Beggs told Clinical Sequencing News this week that the team is hoping to work with newly-formed Claritas Genomics — a Life Technologies and Boston Children's Hospital joint venture focused on developing diagnostic tests for inherited pediatric diseases (CSN 1/8/2013) — to perform sequencing in the study.

Both Beggs and Green said that decisions about whether participants will be able to choose what types of results to receive, as well as overall limits in terms of what types of information will be returned to families in the study, are yet to be determined.

According to Green, the team hopes to use protocols developed over years of genomics research to track a wide range of outcomes including health outcomes; behavioral outcomes, such as how people respond to learning about their child's genomic information; and social outcomes, like buying insurance, taking more vitamins, or investigating on the web.

"If our protocol is to share information with pediatricians," Green said, "we would also track what pediatricians think about the information, how well they understand or misunderstand, whether they act on it, and what the downstream consequences — even economic consequences — are of those actions."

"The idea is to try to take as broad a view as possible of benefits and risks."

Beggs said that from his perspective, the hope is that the study will help tease out where things stand in the balance between costs and overall clinical benefits of sequencing in this population.

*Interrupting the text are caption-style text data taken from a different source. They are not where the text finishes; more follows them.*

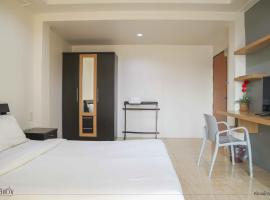 ดีลิฟวิ่ง เพลส มหาสารคาม, hotel v destinaci Maha Sarakham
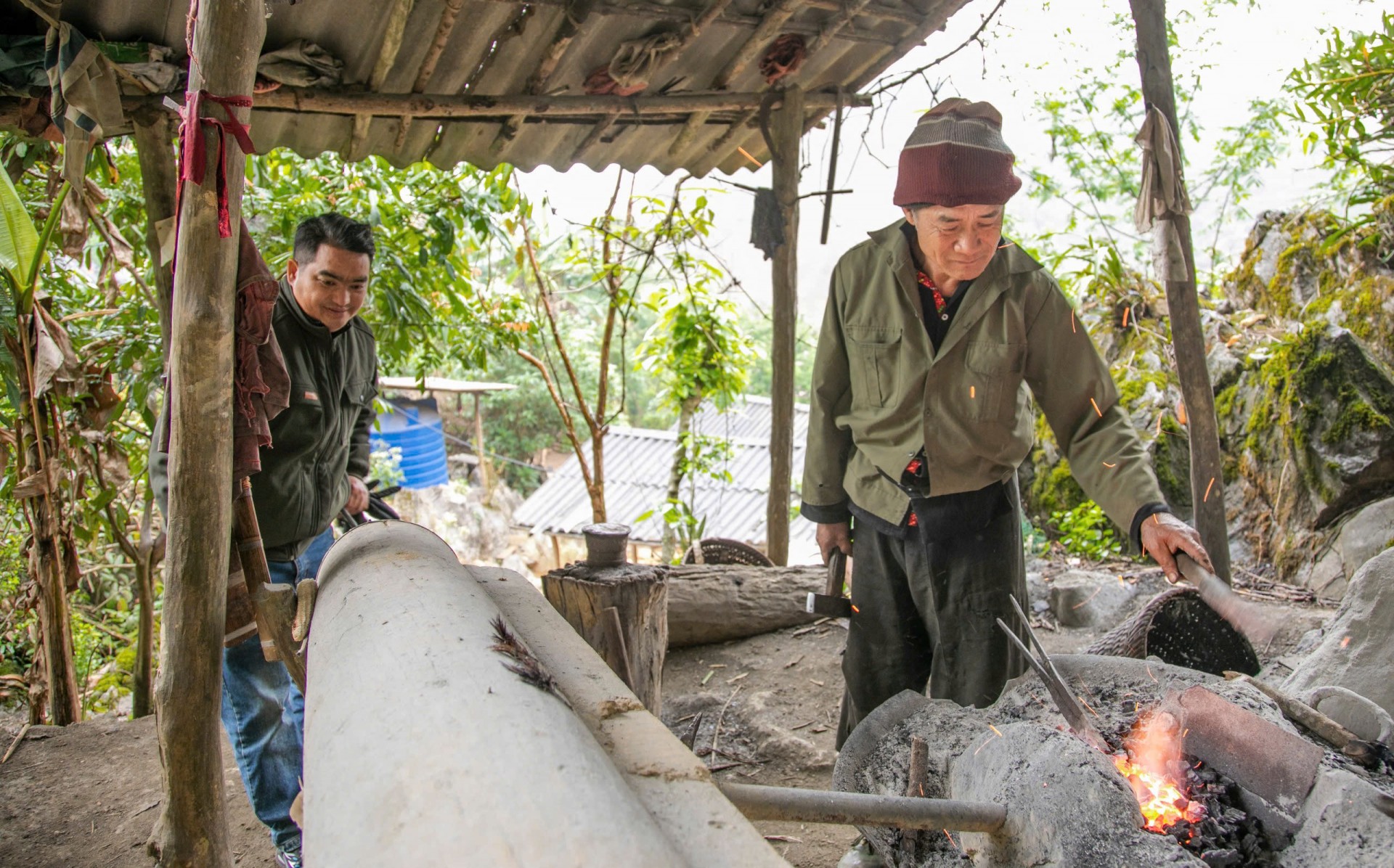 Giữ lửa nghề rèn của người Mông ở vùng núi đá Điện Biên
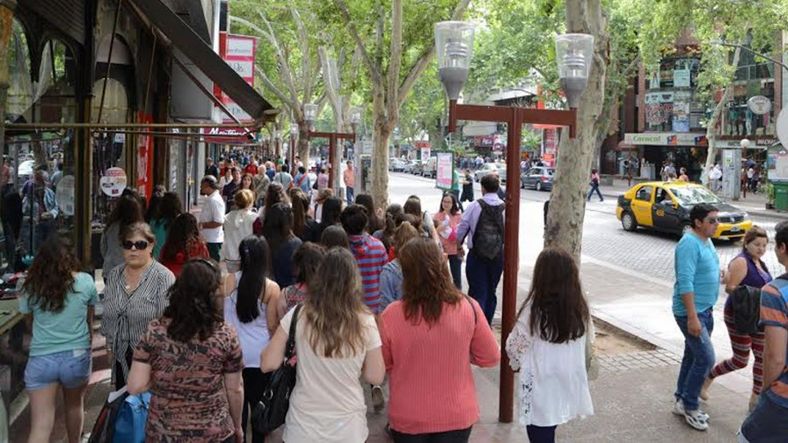 Un tramo de la Av. San Martín será peatonal para aumentar las ventas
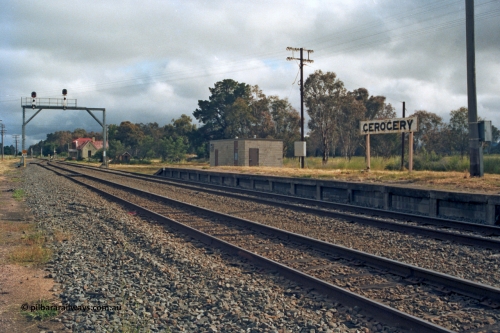 131-2-22
Gerogery, 616 km from Sydney on the NSW Main South, remains of station platform looking north. [url=https://goo.gl/maps/jHQjp8AgAJ42]GeoData[/url].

"We all know at this point that some worthwhile findings will result from something like this and that there will also be a lot of instances where we don’t find anything worthwhile and some where we find things of unknown significance, and we worry and wonder, of course, if we could find anything that would be harmful," Beggs said.

"We also know there is a cost and a benefit to this," he said, and we know cost is rapidly dropping and at some point it's pretty clear that the balance is going to be tipped in favor of the benefits."

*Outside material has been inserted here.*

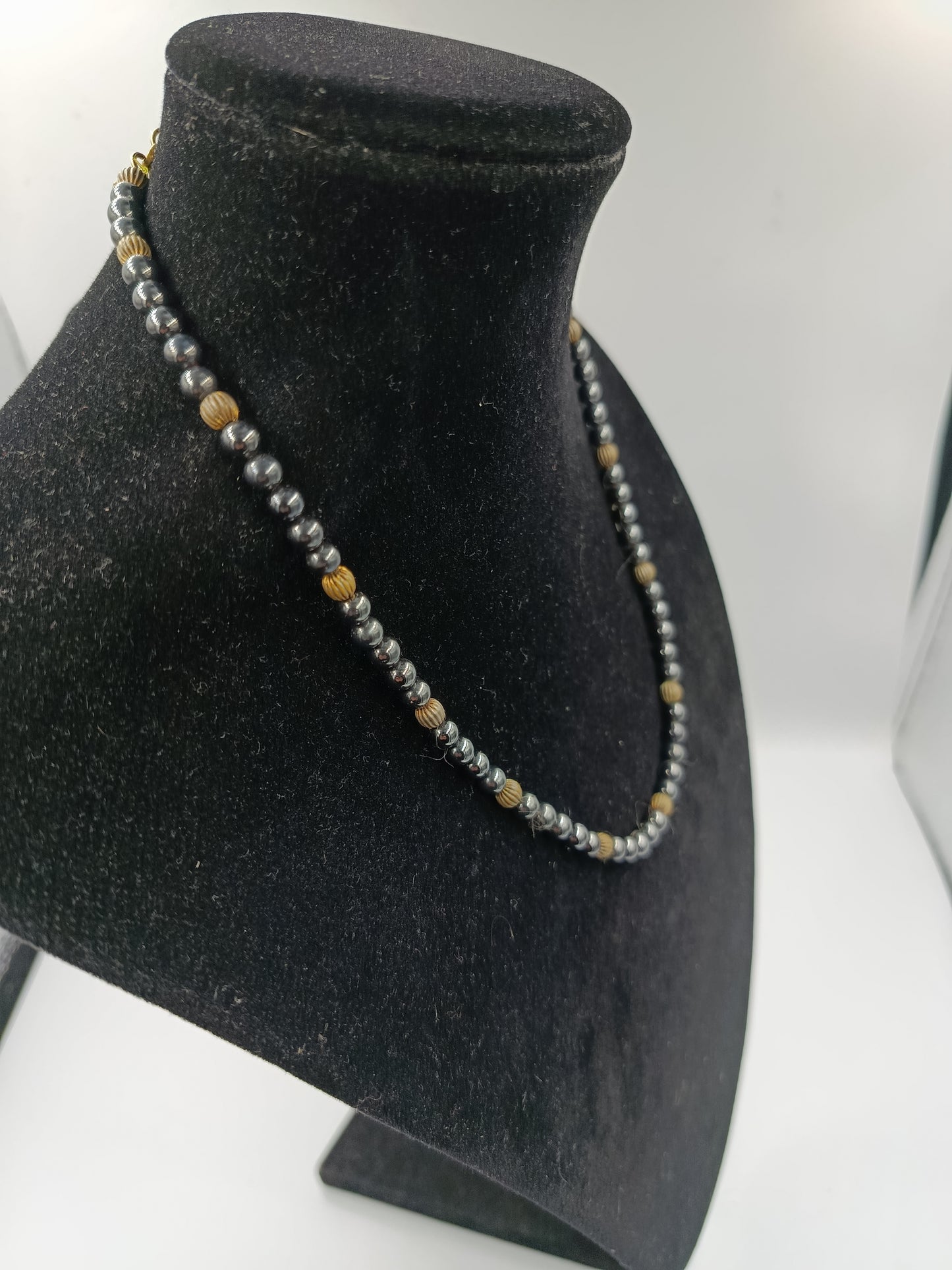 Stilvolles Collier mit Hämatit-Optik und goldfarbenen Akzenten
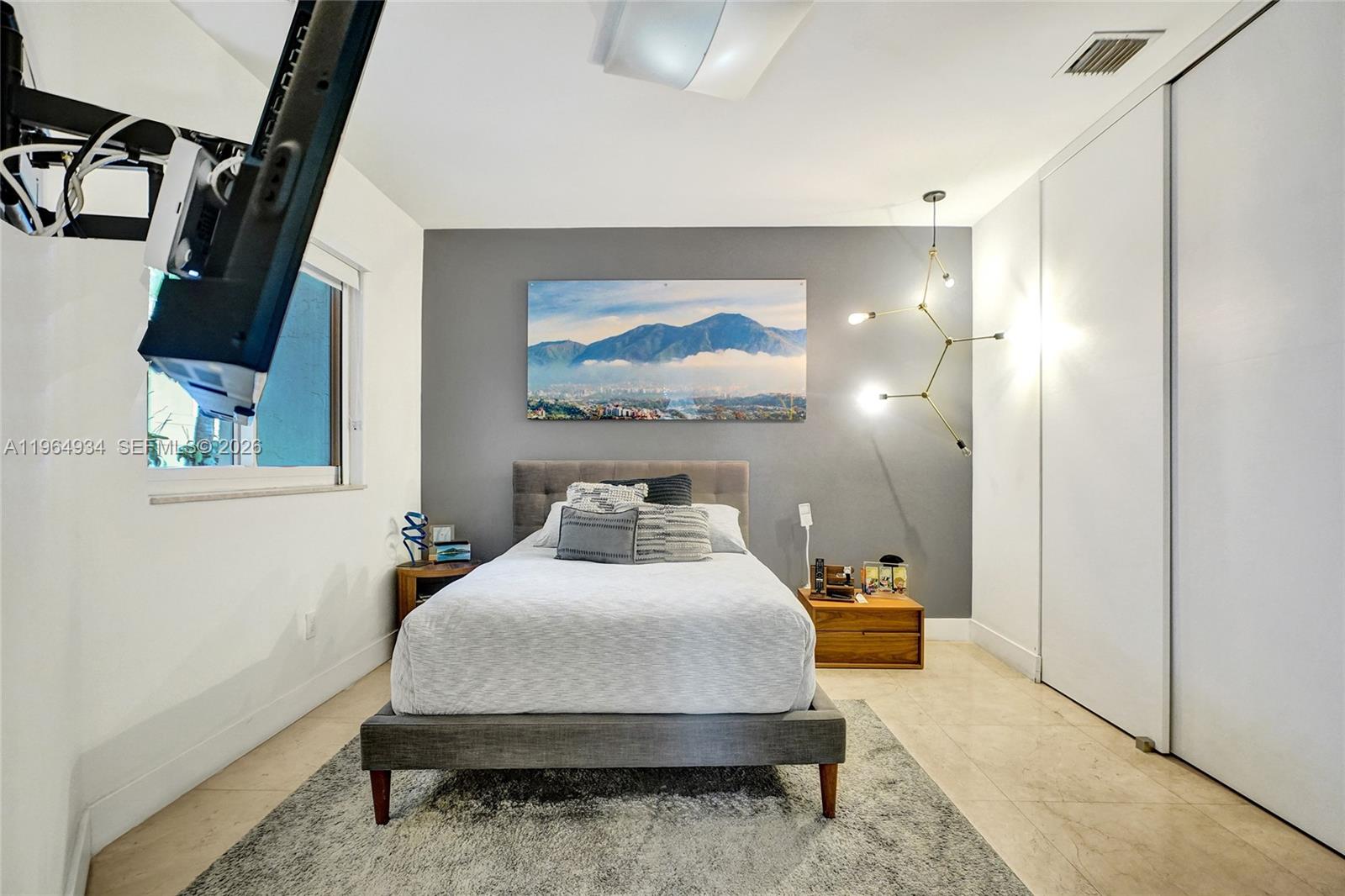 PRESIDENTIAL ESTATES SUB - Residential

"I don't think we are there yet, but this is a five-year project … and I think the main thing we hope to get out of this is to find out how close we are to that tipping point and how we are going to do things, mechanically, when we get there," he said.

As with NHGRI's CSER grantees, the projects in the new Genomic Sequencing and Newborn Screening Disorders research program will each be divided into three sections — a first section focusing on sequencing and analysis, a second section dealing with research related to patient care, and a third looking specifically at the ethical, legal, and social implications of using genomic information in the newborn period.

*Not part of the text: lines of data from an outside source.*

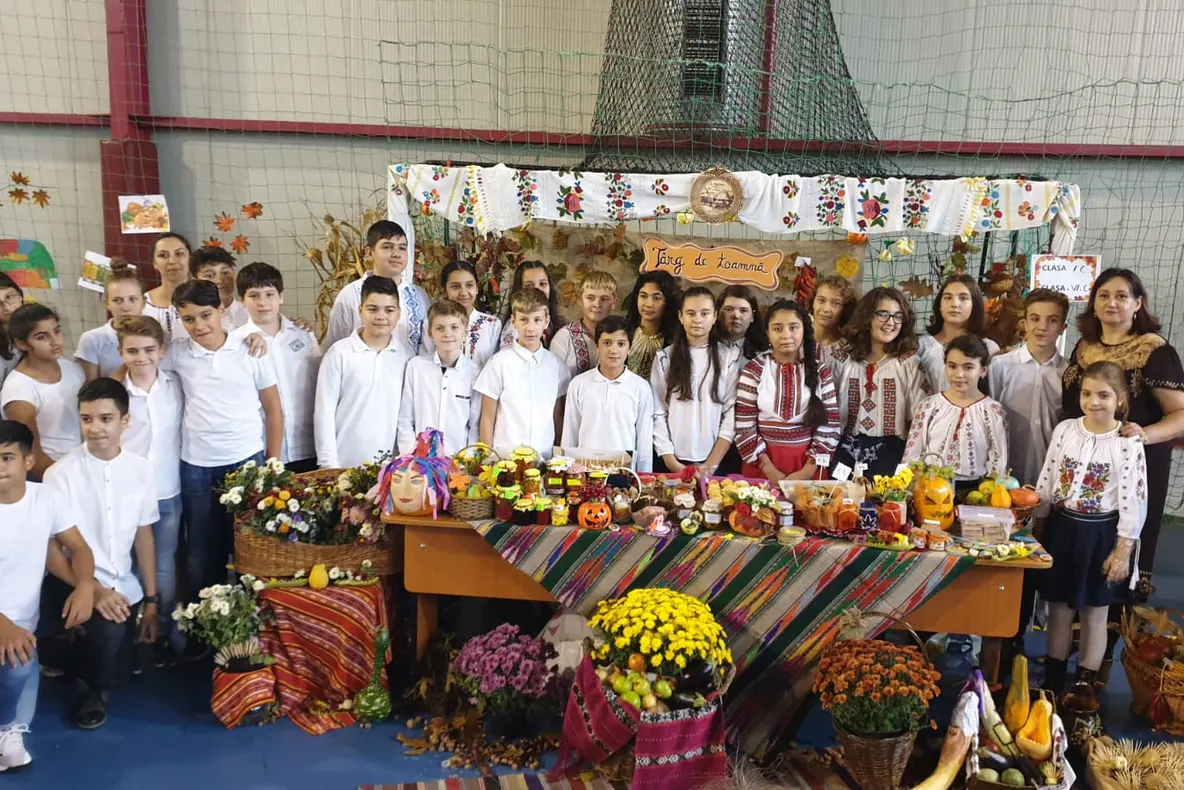 FOTO&amp;VIDEO| ”Festivalul Toamnei”, un eveniment inedit organizat de elevii de la “Mihai Eminescu” din Ploiești prin care au strâns bani pentru modernizarea școlii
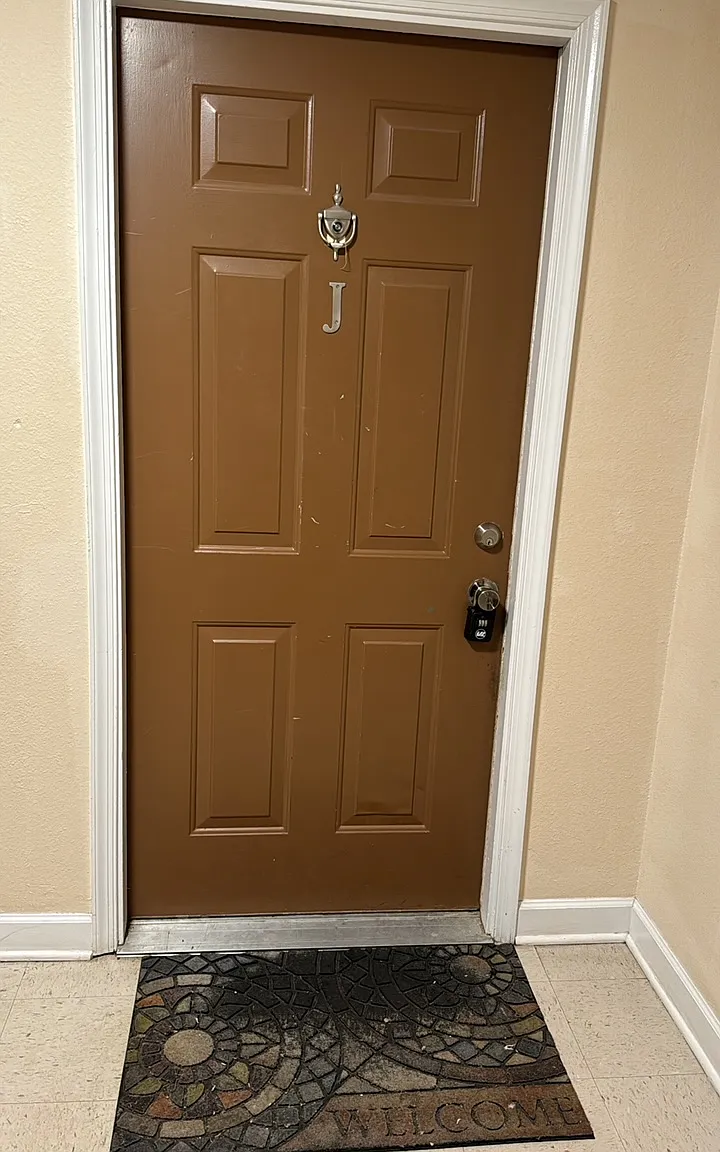 2 bed, 936 sqft, $1,950 — Photo 2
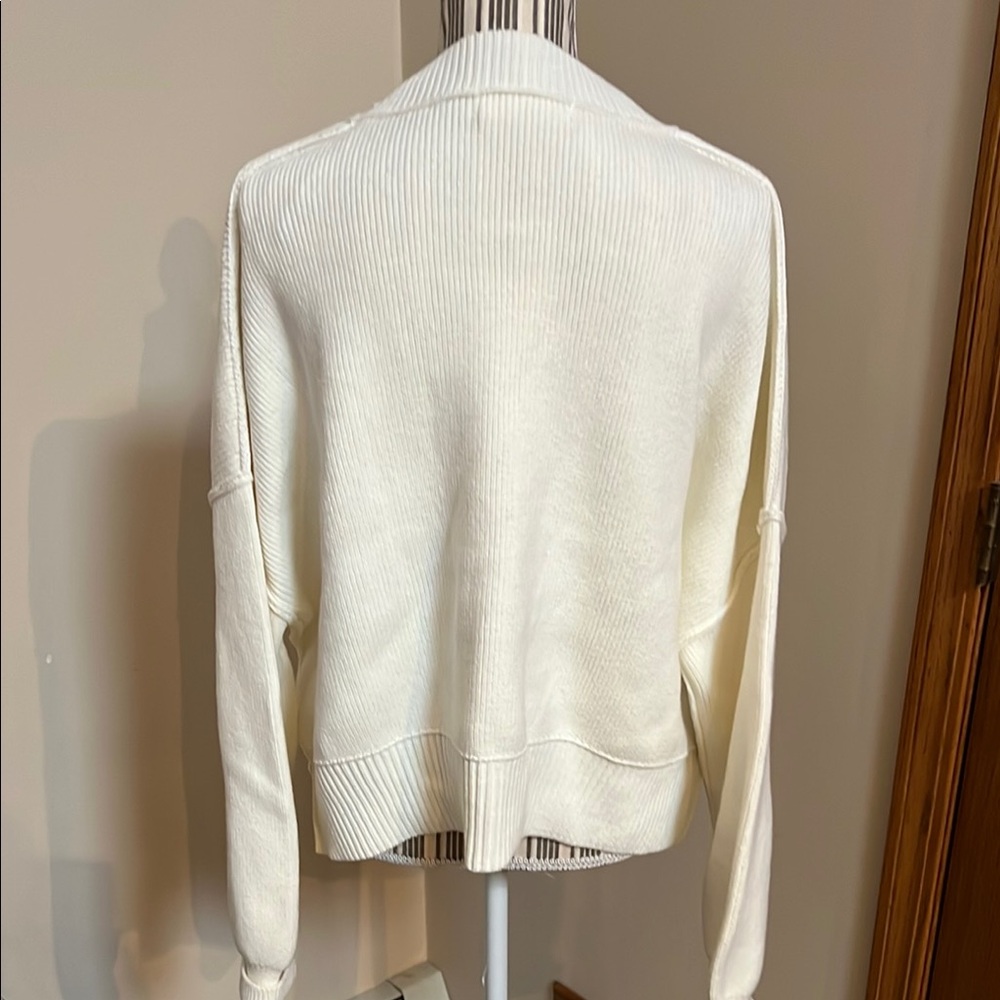 Cropped Sweater - Picture 2 of 3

While Green said the four funded groups will also be somewhat integrated, it's not yet clear whether there will be as strong a mandate for collaboration among the projects as there has been in the CSER program. The teams have their first organizing call in a few weeks.

"I think it's important that when NIH announced these grants they described them as pilot studies," Green said. "No one is cavalier here and we all recognize this is a new area and there are great sensitivities in giving information about a child to their parent that the child himself or herself might not wish to know once they reach the age of maturity."

"That uncertainty means this is a good thing that NIH is leading in terms of carefully exploring the benefits and risks and looking at it from different angles and emphases in the different projects."

Green said that the project may yield less in terms of hard medical outcome data than it does in information about the process of sequencing newborns in the clinical realm. "This isn't like a clinical trial where at the end of five years we are going to have 'the answer'," he said. "These numbers are still relatively small and most genomes will be relatively uninteresting.

"It will be the exceptions that really push this in the direction of benefit or harm and having to grapple with this in these pilots — with what it means to analyze a clinical genome in a child, give a report, fit it into an EMR, field questions from a physician who is looking at a genomic report maybe for the first time in his or her career — we are going to learn about and report on quite a number of things that can facilitate genomic medicine beyond just the outcomes of these 480 people."